Author’s debut novel sees girl face adult realities

"The God of Animals"
By Aryn Kyle
Scribner
$25, 320 pages

Generally speaking, most kids are surprised when they find out they don't know everything there is to know about their parents.

To a kid, it's simple: Mom is Mom and Dad is the other half of the equation. Then one day, it becomes apparent that your parents aren't so transparent. The discovery that parents are people, too, can be kind of a shocker.

In the novel "The God of Animals" by Aryn Kyle, Alice Wilson thinks she knows her family well, and finding out otherwise marks the moment she begins to grow up.

All her life, Alice Wilson has known how fragile her mother is. The story goes that when Alice was just a baby, her mother handed her to Nona, Alice's older sister, and went upstairs.

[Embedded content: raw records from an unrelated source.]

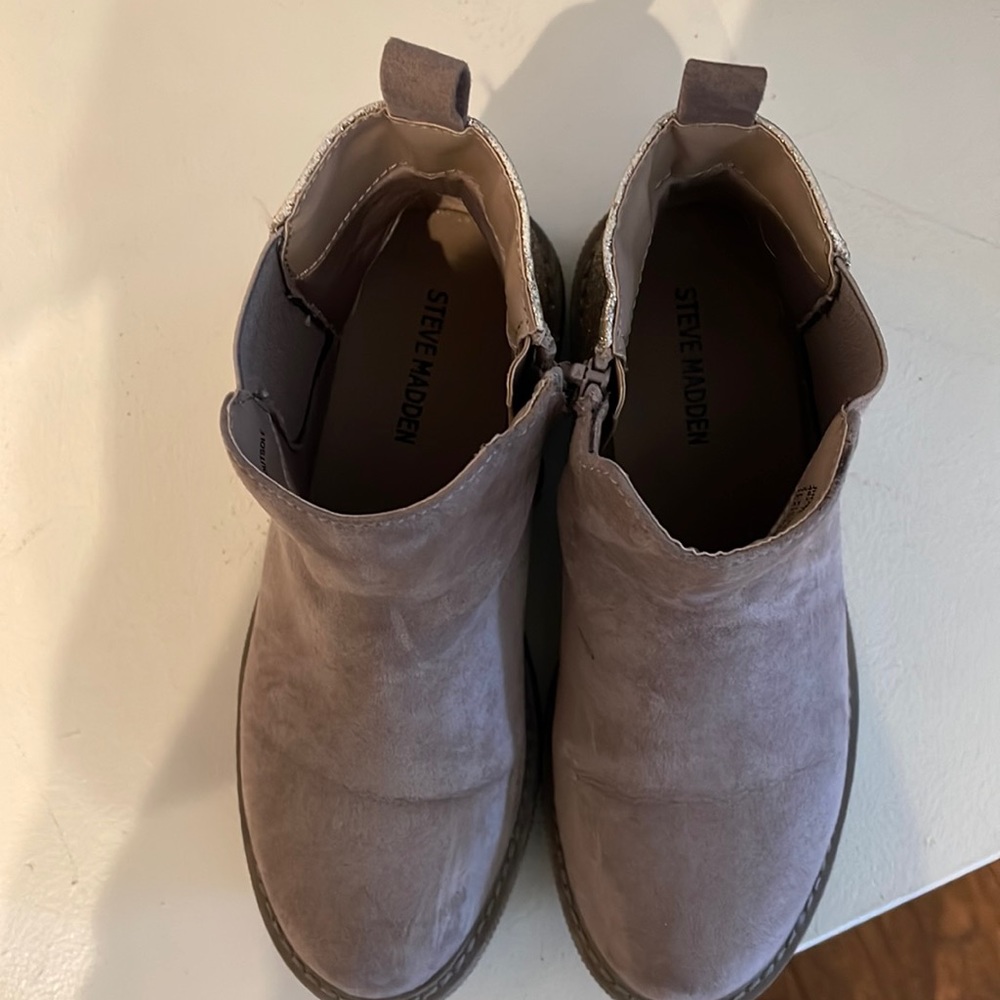 Steve Madden girls boots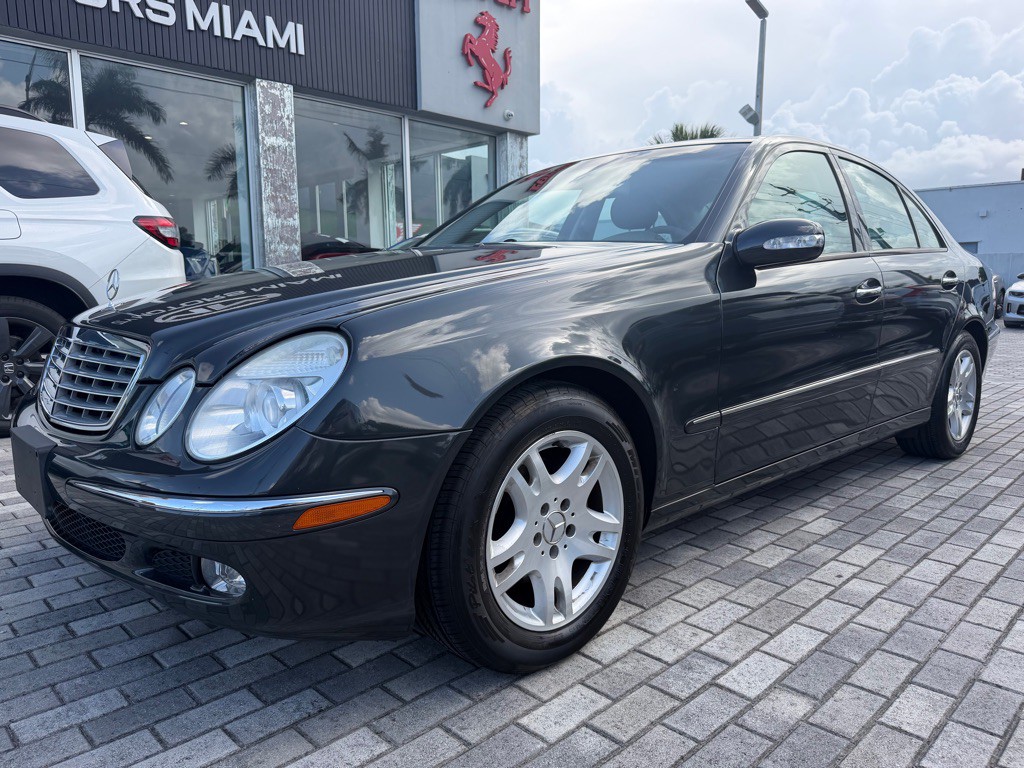 2004 Mercedes-Benz E-Class Image 4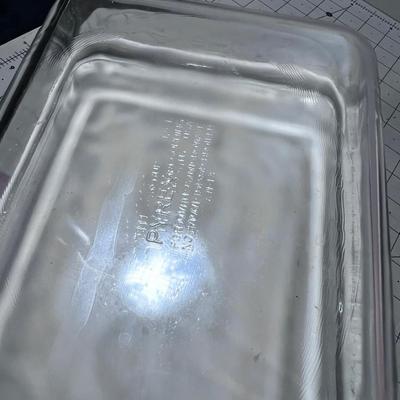 2 Pyrex Baking Dishes with the Lid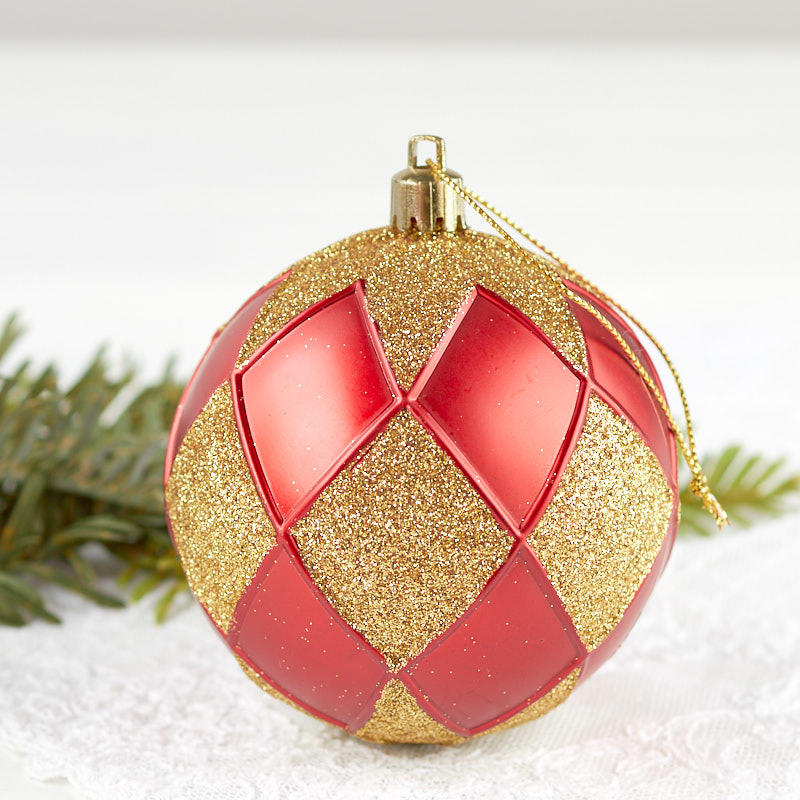 red and gold christmas ball ornaments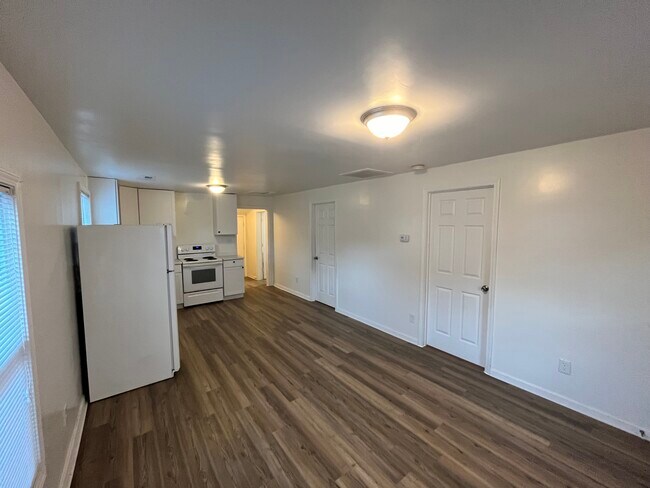 Kitchen/Living - 610 N Logan St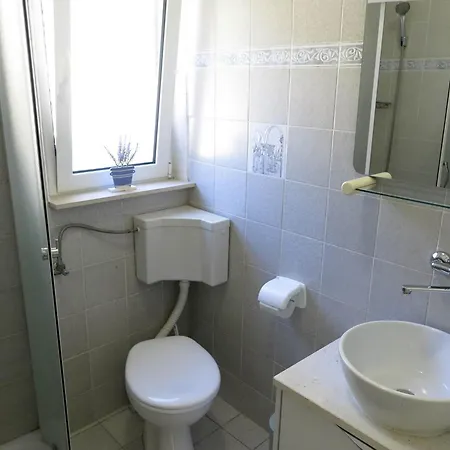 Maja - Four Bedroom House With Sea View Дом отдыха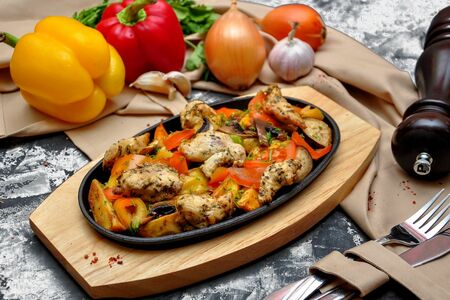 Сковородка с курицей и грибами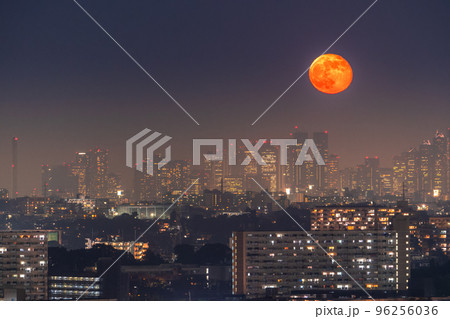 《東京都》満月の東京都市夜景・新宿副都心の摩天楼をのぞむ 96256036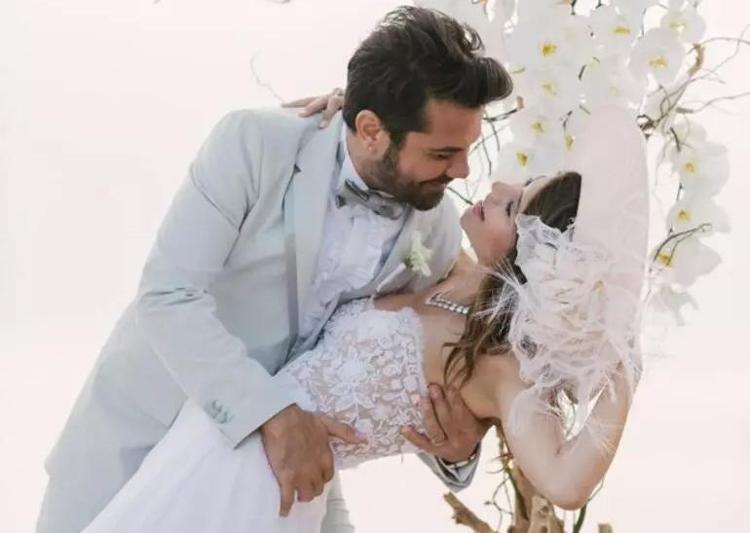 BEREN SAAT - KENAN DOĞULU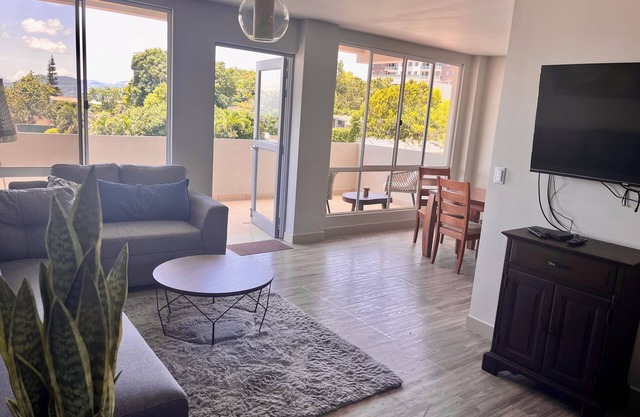 Av Masferrer best location in colonia Escalon, big and modern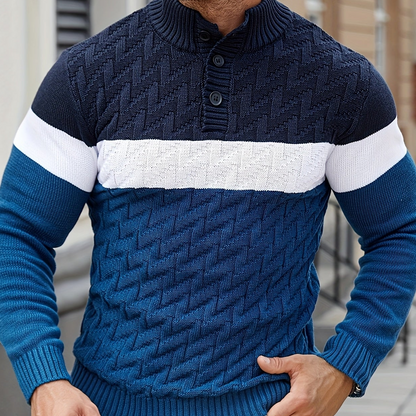 Pull homme tricoté à col montant boutonné rayé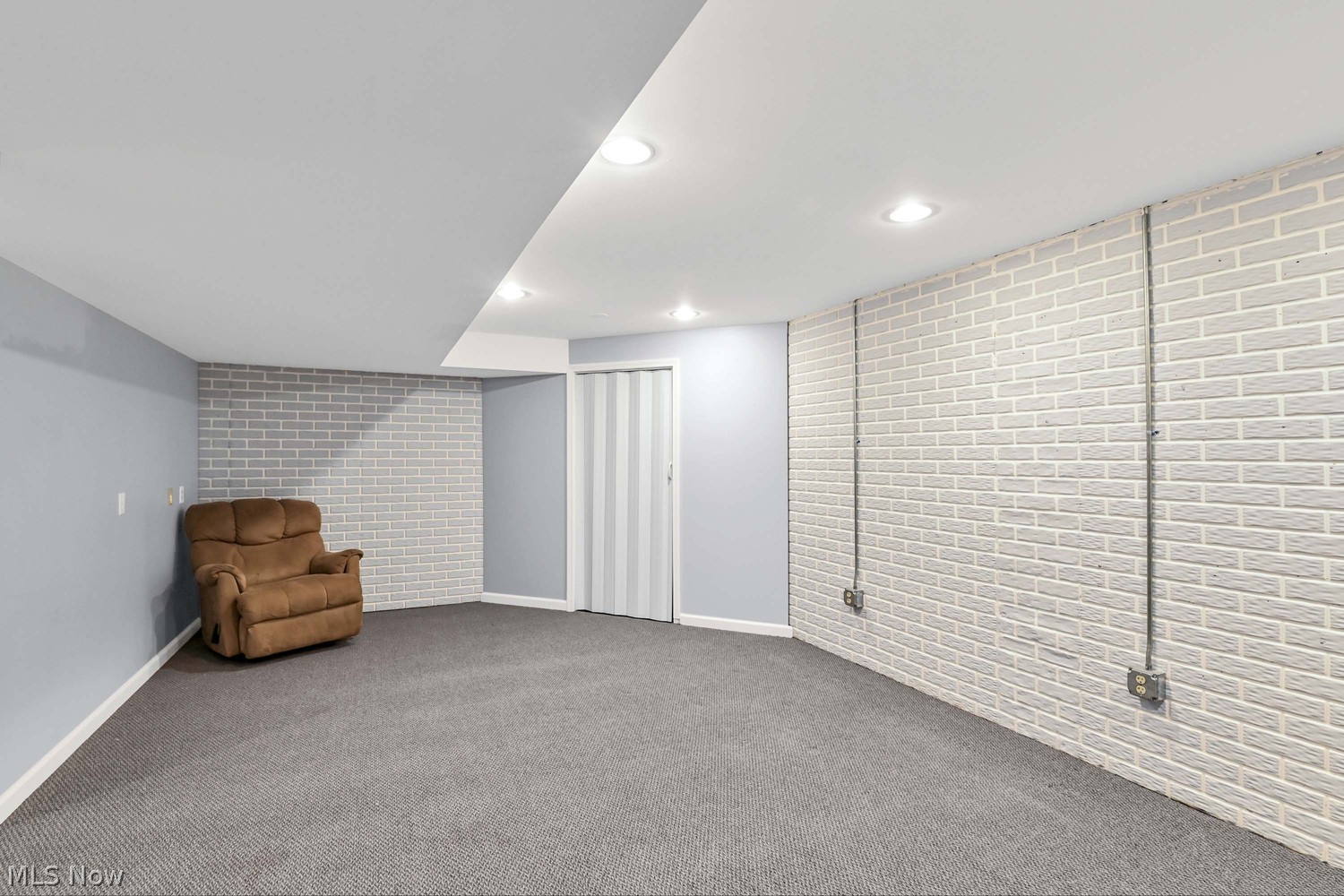 347 Pemberton Drive Elyria OH 44035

She hasn't come down since.

Now, because Nona's run off with a rodeo cowboy, it's up to 11-year-old Alice to fetch dinner and anything else her mother needs. Along with household chores, Alice helps her father care for the barn and the horses on their Colorado ranch.

Years ago, the ranch was profitable, but these days Joe Wilson just scrapes by. Every month, he shuffles money around in white envelopes until the envelopes are fat enough to pay bills. When this fails, his horse-breeding enterprise becomes a horse-boarding outfit, much to Alice's disappointment.

Success, according to Joe, is always coming. If Sheila, the too-perky teenager who takes riding lessons, can learn showmanship, she'll bring her friends to the ranch. If the women who board their horses are allowed to treat the barn as some sort of clubhouse, they'll keep coming back. If Joe can find a one-of-a-kind horse to train, he can sell it for much more than he paid for it.

If only things could be the way they once were, Alice thinks. She misses Nona, and she wonders why her father stays married to the ghost-like woman who lives upstairs. Wanting a secret all her own, Alice begins to make late-night calls to a male teacher who listens to her and reads poetry to her over the phone.

But there are certain truths that kids only learn when they stop being kids. For Alice, those truths come galloping in on the back of a brutal accident.

"The God of Animals" is filled with harshness, beauty, and one of the most memorably precocious heroines you'll ever meet. Alice is wise beyond her years, not yet ready to accept the hard realities of the people in her circle but, even so, able to learn forgiveness, love and the complexity of relationships. Kyle's writing style is so vivid that you'll want to spit the dust out of your mouth every time anyone's boots hit the ground in this perfectly crafted debut novel.